Monarch, S2: Furusato

STV015: The episode title is both the word and the wound. Furusato (ふるさと) is a Japanese concept that resists translation — part “hometown,” part longing, a sense of origin tied to childhood memories that can’t be fully recovered. It’s the right title for Monarch: Legacy of Monsters Season 2, Episode 5, and it’s a devastating one.

The episode opens in Tokyo, 1990. Hiroshi Randa calls young Cate from a San Francisco hospital waiting room, singing “Furusato” to help her sleep — while Kentaro is being born in the same building. In a single image, the show captures Hiroshi’s entire divided life.

Dom Bettinelli and Jeff Haecker work through the Monarch Legacy of Monsters Season 2 “Furusato” episode and keep returning to Hiroshi as the show’s most complicated character. Born in Japan, raised in America, sent back to Japan, and split between two families on opposite sides of the world — he’s a man for whom furusato is permanently out of reach. Dom reads Hiroshi’s bigamy as an expression of bicultural fracture: neither fully Japanese nor fully American, he built one family in each culture, as if that might make him whole.

The episode makes his hypocrisy impossible to ignore. He storms past Cate and Kentaro together to confront Keiko over her betrayal of Bill Randa — while both children standing there are the living proof of his own. Lee Shaw confronts him at the airfield: “What good does it do to live fixated on wanting to change the past?” Lee can’t lecture Hiroshi on moral grounds and knows it. He says so anyway.

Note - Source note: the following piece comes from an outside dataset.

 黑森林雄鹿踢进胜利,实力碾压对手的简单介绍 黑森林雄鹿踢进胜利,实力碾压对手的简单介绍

Hiroshi’s death — mortally wounded trying to reach Cate as Titan X tears through Apex’s camp — is the episode’s climax. He dies with Keiko and Cate at his side as all three sing “Furusato” one last time. Dom and Jeff agree the showrunners earned it. No plot armor for major characters means the stakes are real from here.

On the plot side: Apex’s neural implant plan fails because the technology couldn’t scale from the small creature they tested on up to Titan X’s massive nervous system. The scarabs, erupting from the ground on their fifteen-year cycle, sever the implant-holding tentacle and effectively rescue the Titan. The Hiroshi Randa death scene in Monarch Season 2 lands partly because it’s intercut with this chaos — he dies trying to reach Cate while the island comes apart around them.

The scarabs remain an open question — symbiotic defense, queen-drone system, cicada-like cycle? A treacherous Apex operative slips out of camp unnoticed. Director Barris plays his role as bureaucratic obstacle before backing Tim. And Kentaro’s theory — that Hiroshi built a “backup family” so he’d never have to be alone — lands hard, because Kintaro knows which family he was.

This is the season’s midpoint. From here, Dom and Jeff agree, it’s a straight shot to the end.